The first time I butchered an animal bigger than a chicken, my children knelt by my feet on the grass and read aloud from John Seymour’s The Self-Sufficient Life and How to Live It. Gesturing with the knife, I asked the kids to show me the diagrams again after each slice. They were an earnest eight and ten and held the book up for me to study. I was a vegetarian for many years before we began raising animals, so I wasn’t sure what cuts I was aiming for. The lamb’s name was Alistair.
This rough hillside farm is no place for preciosity. I came to the farm through death; loss runs through the seasons in stride with the birth and growth of a lamb, and in the sustenance his body then provides. What comes into a life through the land? How does an ethic of place take root on precarious ground?
Each morning the thickness of ice in the water troughs or the intensity of color above the trees tells me more about a rising day than any thermometer or forecast. Hauling water all year round links my feet with each slope and ledge of the pastures. Some days I feel strong carrying buckets up and down hillsides. Other times I curse when the cold water sloshes on my legs and down into my boots. I don’t believe in pastoral romance.

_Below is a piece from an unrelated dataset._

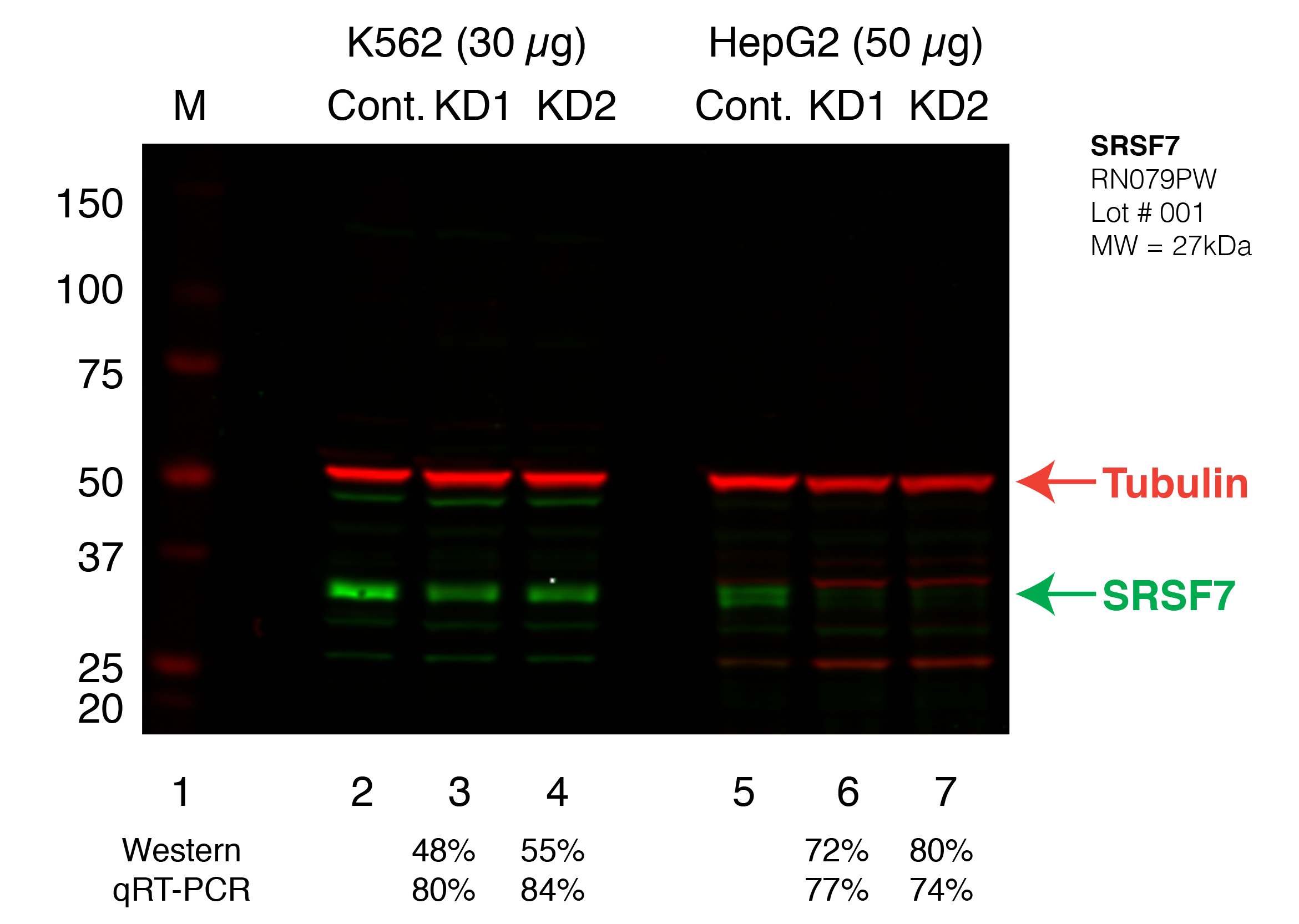 SRSF7_Secondary_Western.png<br>Caption: Western blot following shRNA against SRSF7 in K562 and HepG2 whole cell lysate using SRSF7 specific antibody. Lane 1 is a ladder, lane 2 is K562 non-targeting control knockdown, lane 2 and 3 are two different shRNAs against SRSF7. Lanes 5-7 follow the same pattern, but in HepG2. SRSF7 protein appears as the green band, GAPDH serves as a control and appears in red.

In the earliest days of spring I witness the sheep birth and nurse their lambs without a flick of assistance. I watch the young follow their mother’s choice of leaf or blossom over blade as they grow through the warm months. When the grasses fade and winter presses in, I gather the lambs together and hand them one by one to a man whose skill and care ends their lives in the same place they began. Spring comes around again, and I plant and weed and mulch and hope and am anchored by a tending of the ordinary each day.